# Rate of change

• Nov 3rd 2010, 05:43 PM
Johnson
Rate of change
Gravel is being dumped from a conveyor belt at a
rate of 40 ft^3/min. It forms a pile in the shape of a right circular
cone whose base diameter and height are always the same.
How fast is the height of the pile increasing when the pile is
18 ft high?
The height is increasing at ?? ft/min?
• Nov 3rd 2010, 05:52 PM
skeeter
Quote:

Originally Posted by Johnson
Gravel is being dumped from a conveyor belt at a
rate of 40 ft^3/min.

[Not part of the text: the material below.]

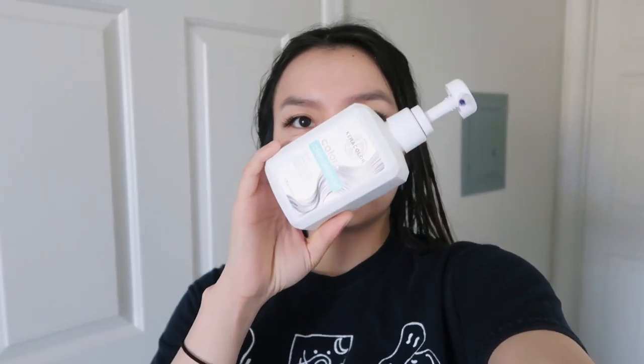I had to pop out of the bathroom real quick to show you what conditioner I'm using — my bathroom is way too noisy. I'm using this Cara Color, it's a color-in conditioner, like a cleansing conditioner, and I'm using the color silver. Wish me luck, y'all, I hope this works!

It forms a pile in the shape of a right circular
cone whose base diameter and height are always the same.
How fast is the height of the pile increasing when the pile is
18 ft high?
The height is increasing at ?? ft/min?

you are given ...

$\displaystyle \frac{dV}{dt} = 40 \, ft^3/min$

$\displaystyle 2r = h$

gravel pile is in the form of a cone ... $\displaystyle V = \frac{\pi}{3} r^2 h$

the problem wants you to find $\displaystyle \frac{dh}{dt}$ when $\displaystyle h = 18 \, ft$

get the volume in terms of $\displaystyle h$ , take the derivative w/r to time, and substitute your given values. finally, solve for $\displaystyle \frac{dh}{dt}$.